Tamer Center Honors Carson Family for Longtime Social Enterprise Work
Earlier this month, more than 250 alumni and friends gathered at the Metropolitan Club on East 60th Street to celebrate the tireless work of Russell Carson ’67, his family, and Professor Ray Horton in supporting social enterprise at Columbia Business School and throughout New York City.
At the first-ever Tamer Center for Social Enterprise Awards Breakfast on Tuesday, March 8, the Tamer Center honored the Carson family with its inaugural Horton Award.
“Please join me in thanking the Carsons for their unwavering support of and dedication to social enterprise at Columbia Business School,” said Dean Glenn Hubbard. “I’m grateful that we can recognize their hard work with the Tamer Center’s inaugural Horton Award. It is an honor that is very well deserved.”
Named after Professor Ray Horton for his establishment of social enterprise as an area of focus at the School, the award recognizes individuals who have demonstrated a passion for social or environmental causes and have used their management skills to benefit society. The Carson family — Russell Carson; his wife, Judith; his children, Cecily and Edward; and his daughter-in-law, Madeline — has been involved in philanthropy for decades, with each member sitting on multiple nonprofit boards. Through the Carson Family Charitable Trust, founded in 1990, the Carsons support a variety of organizations that aim to improve health, education, arts and culture, community development, and anti-poverty work. Cecily Carson, who is president of the family charitable trust, also contributes regularly to Columbia Business School’s social enterprise efforts by serving on the advisory board for the Tamer Center.
The breakfast raised an impressive $350,000 for the Tamer Center, which the Carsons then generously matched with another $350,000 gift.
“My family members and I are very honored to be the first recipients of the Horton Award. Ray has been a longtime friend of our family and gets credit for being the one who got us interested in the subject of social enterprise,” Russell Carson says. “Our family was taken aback by the number of people willing to turn out at 7:00 in the morning to honor us and our good friend. We decided it was only fitting that we should step up and match our friends and other supporters in enhancing the financial health of Columbia Business School’s social enterprise program.”

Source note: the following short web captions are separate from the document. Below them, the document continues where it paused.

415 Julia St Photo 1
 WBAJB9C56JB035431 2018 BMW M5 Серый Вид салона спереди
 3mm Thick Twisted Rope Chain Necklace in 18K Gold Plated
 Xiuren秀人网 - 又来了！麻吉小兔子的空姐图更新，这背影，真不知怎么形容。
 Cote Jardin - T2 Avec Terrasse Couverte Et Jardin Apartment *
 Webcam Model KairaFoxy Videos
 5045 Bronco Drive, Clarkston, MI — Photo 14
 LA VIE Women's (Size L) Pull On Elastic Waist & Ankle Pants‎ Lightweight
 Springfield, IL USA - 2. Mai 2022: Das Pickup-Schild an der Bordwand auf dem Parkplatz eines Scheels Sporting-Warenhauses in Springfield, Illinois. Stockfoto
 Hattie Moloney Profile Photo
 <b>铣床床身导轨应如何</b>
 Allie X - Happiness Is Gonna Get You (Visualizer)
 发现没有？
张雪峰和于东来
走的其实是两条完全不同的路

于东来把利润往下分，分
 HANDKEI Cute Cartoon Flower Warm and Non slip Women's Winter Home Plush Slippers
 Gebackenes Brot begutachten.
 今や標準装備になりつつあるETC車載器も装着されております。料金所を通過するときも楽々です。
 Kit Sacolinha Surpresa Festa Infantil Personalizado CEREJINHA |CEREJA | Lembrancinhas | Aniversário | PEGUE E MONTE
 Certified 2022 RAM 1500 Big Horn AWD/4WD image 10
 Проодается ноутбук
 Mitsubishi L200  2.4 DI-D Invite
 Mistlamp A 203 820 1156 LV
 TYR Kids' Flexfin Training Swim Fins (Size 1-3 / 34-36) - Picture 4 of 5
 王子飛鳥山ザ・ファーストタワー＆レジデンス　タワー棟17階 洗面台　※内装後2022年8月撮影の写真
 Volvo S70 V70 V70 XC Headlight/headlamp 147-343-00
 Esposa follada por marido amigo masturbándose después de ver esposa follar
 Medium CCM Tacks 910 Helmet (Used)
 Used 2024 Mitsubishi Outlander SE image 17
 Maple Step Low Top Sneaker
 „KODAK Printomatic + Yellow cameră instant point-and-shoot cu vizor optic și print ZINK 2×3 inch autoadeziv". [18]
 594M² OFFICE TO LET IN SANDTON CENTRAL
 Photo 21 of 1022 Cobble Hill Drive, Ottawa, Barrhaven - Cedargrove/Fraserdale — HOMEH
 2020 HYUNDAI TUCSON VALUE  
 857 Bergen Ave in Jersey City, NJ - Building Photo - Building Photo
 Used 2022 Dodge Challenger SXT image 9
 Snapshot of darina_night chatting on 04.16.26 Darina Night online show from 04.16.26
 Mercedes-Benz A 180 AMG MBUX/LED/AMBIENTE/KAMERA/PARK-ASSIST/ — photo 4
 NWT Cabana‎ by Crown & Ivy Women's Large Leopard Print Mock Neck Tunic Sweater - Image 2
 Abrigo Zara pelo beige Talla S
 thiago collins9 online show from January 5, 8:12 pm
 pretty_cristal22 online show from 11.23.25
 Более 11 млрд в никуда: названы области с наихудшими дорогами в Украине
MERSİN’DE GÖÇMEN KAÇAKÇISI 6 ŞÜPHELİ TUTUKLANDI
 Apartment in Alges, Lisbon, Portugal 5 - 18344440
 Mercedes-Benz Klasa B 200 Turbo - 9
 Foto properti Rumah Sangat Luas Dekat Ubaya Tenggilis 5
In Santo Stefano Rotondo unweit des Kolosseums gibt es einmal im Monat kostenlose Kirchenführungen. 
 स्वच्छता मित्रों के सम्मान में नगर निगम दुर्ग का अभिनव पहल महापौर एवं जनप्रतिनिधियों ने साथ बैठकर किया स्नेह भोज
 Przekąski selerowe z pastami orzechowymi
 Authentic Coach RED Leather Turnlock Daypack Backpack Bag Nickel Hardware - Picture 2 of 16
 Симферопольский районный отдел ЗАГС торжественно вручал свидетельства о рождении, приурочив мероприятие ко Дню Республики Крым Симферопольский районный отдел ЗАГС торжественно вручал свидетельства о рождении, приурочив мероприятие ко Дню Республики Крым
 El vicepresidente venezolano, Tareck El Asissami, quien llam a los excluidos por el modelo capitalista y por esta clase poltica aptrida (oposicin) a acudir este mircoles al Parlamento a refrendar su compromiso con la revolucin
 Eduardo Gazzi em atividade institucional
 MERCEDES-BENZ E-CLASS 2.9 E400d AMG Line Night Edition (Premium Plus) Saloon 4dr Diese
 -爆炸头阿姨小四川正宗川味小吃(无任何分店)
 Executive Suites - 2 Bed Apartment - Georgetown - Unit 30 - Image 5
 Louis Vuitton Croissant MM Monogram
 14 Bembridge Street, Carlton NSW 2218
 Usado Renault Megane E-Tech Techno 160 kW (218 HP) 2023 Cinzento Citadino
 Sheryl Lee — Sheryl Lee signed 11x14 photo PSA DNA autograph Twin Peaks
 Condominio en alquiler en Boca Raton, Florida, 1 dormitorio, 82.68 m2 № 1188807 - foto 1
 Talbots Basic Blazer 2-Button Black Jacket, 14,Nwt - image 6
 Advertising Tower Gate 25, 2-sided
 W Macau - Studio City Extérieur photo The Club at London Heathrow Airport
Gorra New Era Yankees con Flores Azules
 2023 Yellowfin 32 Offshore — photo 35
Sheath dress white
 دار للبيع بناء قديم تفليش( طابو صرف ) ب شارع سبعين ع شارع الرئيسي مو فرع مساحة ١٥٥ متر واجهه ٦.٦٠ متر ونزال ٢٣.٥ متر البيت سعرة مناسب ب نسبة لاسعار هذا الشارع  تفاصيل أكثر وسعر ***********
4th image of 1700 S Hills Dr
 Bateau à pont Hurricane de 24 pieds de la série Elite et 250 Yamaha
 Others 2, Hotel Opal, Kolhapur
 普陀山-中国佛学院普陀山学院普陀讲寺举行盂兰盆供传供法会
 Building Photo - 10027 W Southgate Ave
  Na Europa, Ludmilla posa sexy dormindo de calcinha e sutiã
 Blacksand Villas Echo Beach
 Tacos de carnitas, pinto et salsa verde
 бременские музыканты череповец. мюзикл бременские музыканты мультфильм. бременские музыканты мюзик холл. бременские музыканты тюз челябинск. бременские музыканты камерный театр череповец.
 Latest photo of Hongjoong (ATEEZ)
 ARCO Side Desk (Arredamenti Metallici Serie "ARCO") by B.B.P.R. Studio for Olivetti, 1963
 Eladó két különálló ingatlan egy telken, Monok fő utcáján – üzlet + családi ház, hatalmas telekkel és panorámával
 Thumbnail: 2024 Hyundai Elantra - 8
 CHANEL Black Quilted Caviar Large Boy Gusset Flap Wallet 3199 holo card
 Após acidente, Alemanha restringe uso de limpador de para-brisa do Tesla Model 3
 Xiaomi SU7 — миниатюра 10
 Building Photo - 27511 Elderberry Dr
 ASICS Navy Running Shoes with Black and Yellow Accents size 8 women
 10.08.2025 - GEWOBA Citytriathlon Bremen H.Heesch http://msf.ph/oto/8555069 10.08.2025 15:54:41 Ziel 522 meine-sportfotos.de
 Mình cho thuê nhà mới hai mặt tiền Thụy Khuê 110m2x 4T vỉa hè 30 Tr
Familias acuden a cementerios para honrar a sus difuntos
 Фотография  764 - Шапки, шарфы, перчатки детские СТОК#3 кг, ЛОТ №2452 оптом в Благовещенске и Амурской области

Carson says his family hopes the matching gift will constitute a “rainy day fund” for the Tamer Center. “Glenn Hubbard often talks about the Business School as offering an ‘education for a lifetime.’ In this spirit, we believe there is nothing more important than having the School’s graduates develop a working knowledge of the nonprofit sector and begin to recognize their own responsibility to support it as their success allows.”
Professor Ray Horton praised the Carsons for their “huge impact” on social enterprise at Columbia Business School to date. “Their financial support let us initiate new programs and expand existing programs that paved many ways for Columbia Business School students to serve in the nonprofit sector, particularly in the Carsons’ beloved New York City,” he says. “But beyond money, they introduced us to many individuals and organizations who continue to play important roles in our social enterprise network.”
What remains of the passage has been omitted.